Power spectral density#

Often we don’t want the actual coefficients of the sines and cosines, we just want to know at what frequencies our data are varying

Create a Power Spectral Density plot:

p = np.abs(Cns[:N//2]) # take absolute value to "fold over" power for PSD (but only take the first half, positive frequencies)

# Create freq array (but only take the first half, positive frequencies)
_freq = np.fft.fftfreq(Cns.size, 1/sf)
freq = _freq[:N//2]

This basically calculates the amount of energy (or variance) at different frequencies in the timeseries.

Is there a diurnal cycle, a seasonal cycle, or is it close to red noise you square the complex conjugates?

It’s often useful to plot this on log scales as well as regular scales to see what is happening.

f, ax = plt.subplots(2,2,figsize=(8,8))
ax[0,0].plot(freq,p)
ax[0,0].set_ylim((0,10000)) # zoom in on the y axis
ax[0,0].set_ylabel('Power/Frequency')
ax[0,0].set_xlabel('frequency [$day^{-1}$]')

ax[0,1].plot(freq,p)
ax[0,1].set_xscale('log')
ax[0,1].set_yscale('log')
ax[0,1].set_ylabel('Power/Frequency')
ax[0,1].set_xlabel('frequency [$day^{-1}$]')


ax[1,0].plot(freq,10*np.log10(p))
ax[1,0].set_ylabel('Power/Frequency (dB/day)')
ax[1,0].set_xlabel('frequency [$day^{-1}$]')

ax[1,1].plot(freq,p)
ax[1,1].set_yscale('log')
ax[1,1].set_ylabel('Power/Frequency')
ax[1,1].set_xlabel('frequency [$day^{-1}$]')

plt.tight_layout()

../../_images/fee3667f0115ee5cc1d86334427f6455ea8e8195171ab1223f429e4ffa50f3b3.png

For example trying to resolve the diurnal cycle, I don’t need a whole year

I can divide my timeseries into 4 chunks, get P for each and then average them.

winsize = 4380 # I chose this as 1/4th of a year sampled hourly, but you could change, just be even
nwin = np.floor(N/winsize)
xx = np.reshape(Qsum,(int(winsize),int(nwin)),order='F')

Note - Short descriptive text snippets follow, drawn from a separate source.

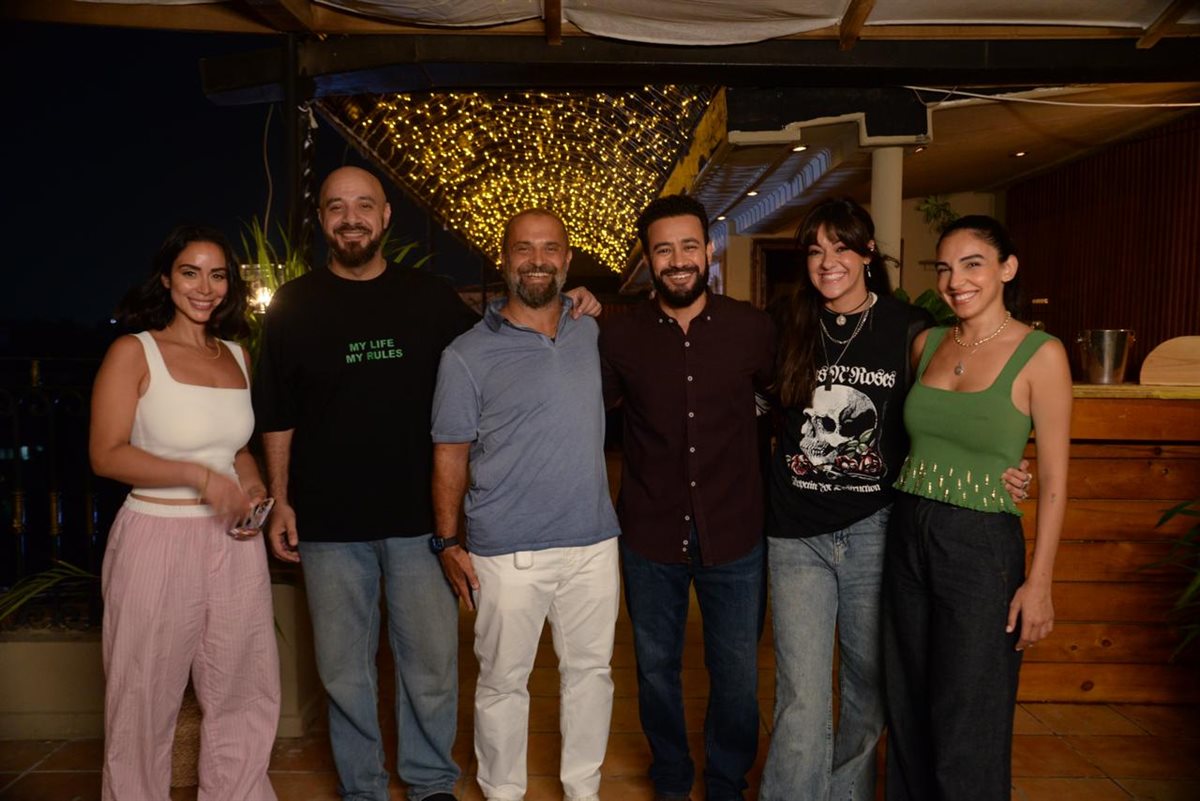  أحمد داود وسلمى أبو ضيف وبسنت شوقي من كواليس تصوير فيلم إذما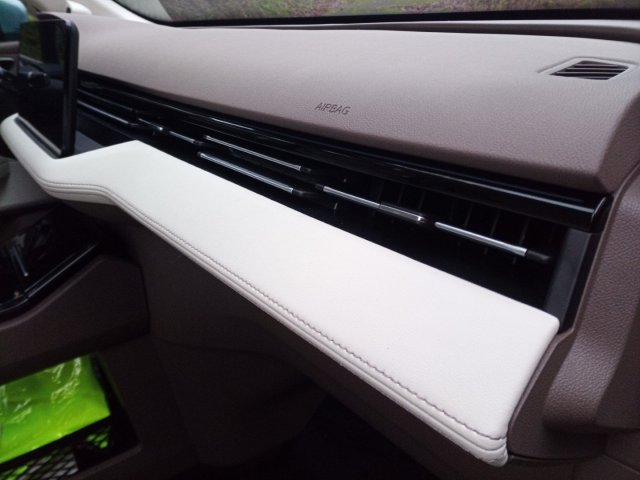 Bild von aiways u5 interieur premium leder weiß hohe qualität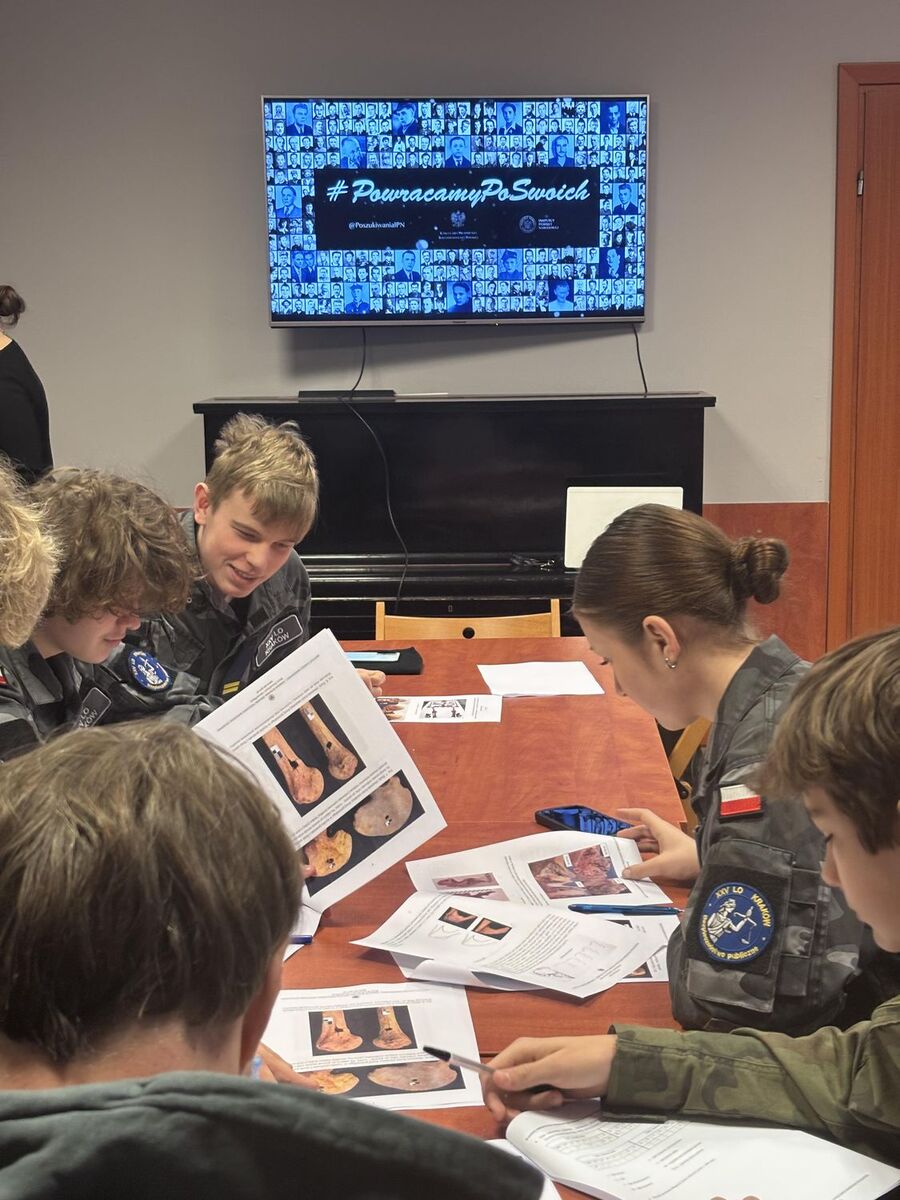 Projekt edukacyjny „Łączka i inne miejsca poszukiwań”. Spotkanie z antropologiem. Fot. IPN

def power_spectral_density(x, sf):
    # perform fft on x
    f = np.fft.fft(x)
    
    # take absolute value to "fold over" power for PSD (but only take the first half, positive frequencies)
    p = np.abs(f[:f.size//2]) 
    
    # Create freq array 
    _freq = np.fft.fftfreq(f.size, sf)
    # (but only take the first half, positive frequencies)
    freq = _freq[:_freq.size//2]
    return freq, p

Pwin = np.zeros((int(winsize/2), int(nwin)))

# Peform fft on each of the subsets of the total timeseries
for m in range(int(nwin)):
    fwin , Pwin[:,m] = power_spectral_density(xx[:,m],1/sf);  
    
p_mean = np.mean(Pwin,axis=1)

f, ax = plt.subplots(2,2,figsize=(8,8))
ax[0,0].plot(fwin,p_mean)
ax[0,0].set_ylim((0,10000)) # zoom in on the y axis
ax[0,0].set_ylabel('Power/Frequency')
ax[0,0].set_xlabel('frequency [$day^{-1}$]')

ax[0,1].plot(fwin,p_mean)
ax[0,1].set_xscale('log')
ax[0,1].set_yscale('log')
ax[0,1].set_ylabel('Power/Frequency')
ax[0,1].set_xlabel('frequency [$day^{-1}$]')


ax[1,0].plot(fwin,10*np.log10(p_mean))
ax[1,0].set_ylabel('Power/Frequency (dB/day)')
ax[1,0].set_xlabel('frequency [$day^{-1}$]')

ax[1,1].plot(fwin,p_mean)
ax[1,1].set_yscale('log')
ax[1,1].set_ylabel('Power/Frequency')
ax[1,1].set_xlabel('frequency [$day^{-1}$]')

plt.tight_layout()

../../_images/ff45ed30398c4043a2e3cf9bd37bd6c19ba2a8811d8c3f535c3e8b8370502830.png

Timeseries analysis with “mystery data”#

Download the file “waterlevel.mat”. It contains hourly measurements of water level (level, in cm) from an unidentified site for one year.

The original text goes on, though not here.